» WHAT YOU NEED TO DO
Would you output the lines from the one with "The Best Shops" through the last line of the material below, exactly, but without pictures?

====== PROVIDED INFORMATION ======

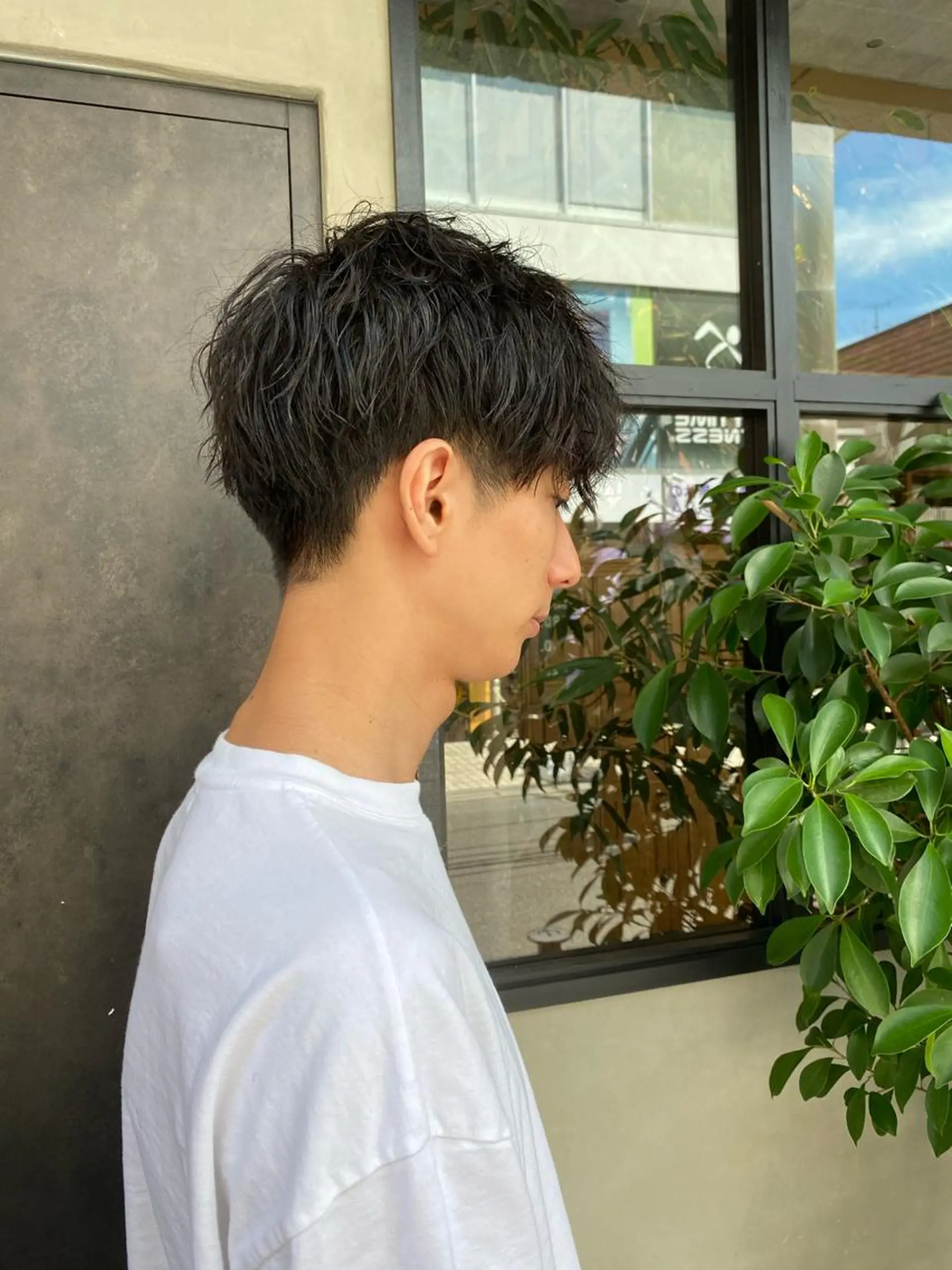 メンズ 【扉gate】野崎 英幸のヘアスタイル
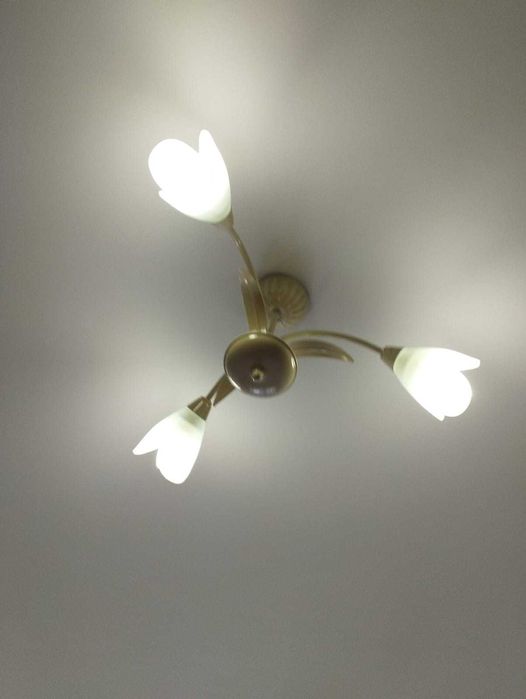 Люстра российская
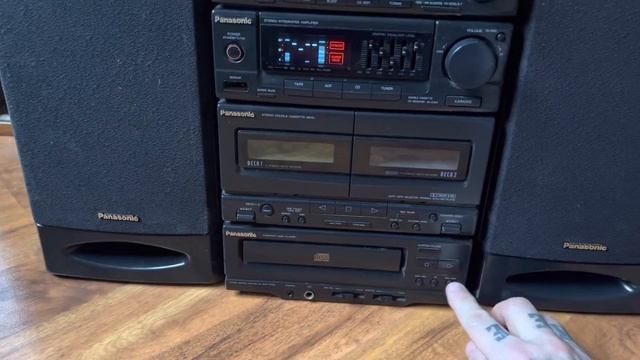 Panasonic SA-CH33, проверка работоспособности для Авито смотреть онлайн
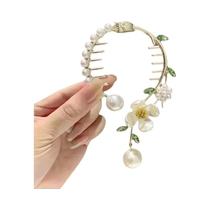 Tiara De Cabelo Com Franjas De Strass Para Mulheres, Presente De Dia Dos Namorados Para Namorada Ou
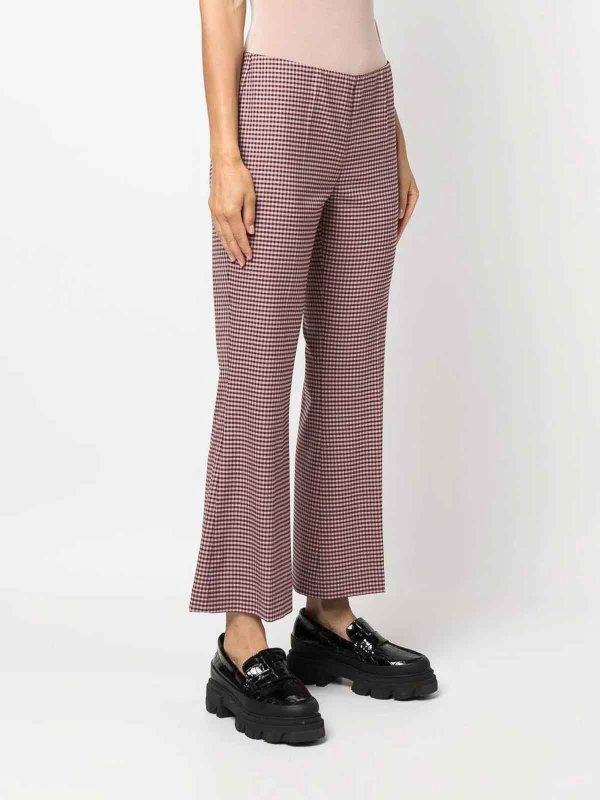 The Best Shops P.A.R.O.S.H.: casual trousers - tooth flared trousers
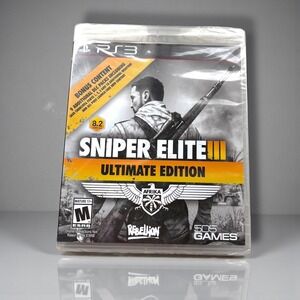 Sniper Elite III Ultimate Edition Sony PlayStation 3 PS3 New Sealed DLC Included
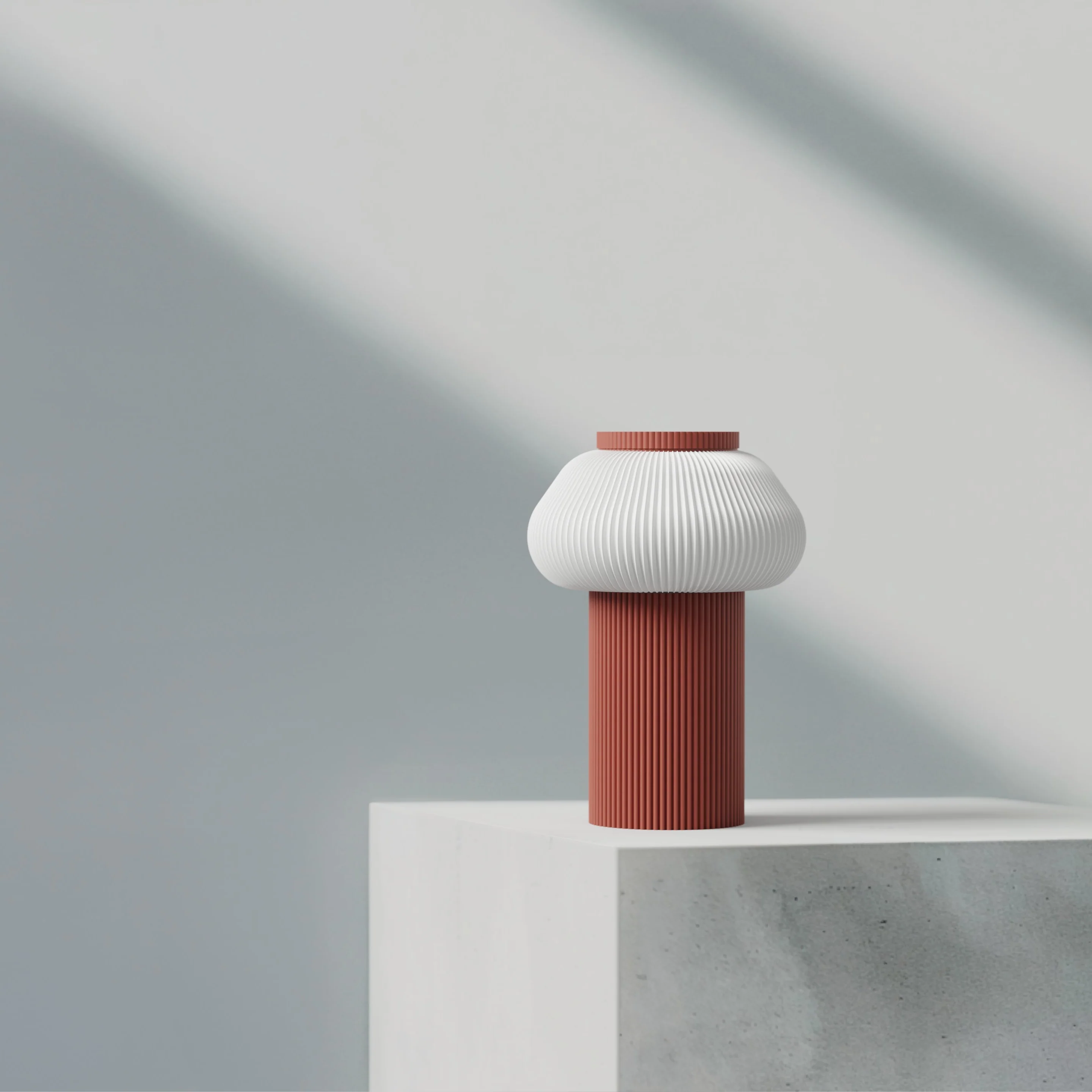 Lampe Champy terracotta [sur commande]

======

» SOLUTION
 The Best Shops P.A.R.O.S.H.: casual trousers - tooth flared trousers
 Sniper Elite III Ultimate Edition Sony PlayStation 3 PS3 New Sealed DLC Included
 Lampe Champy terracotta [sur commande]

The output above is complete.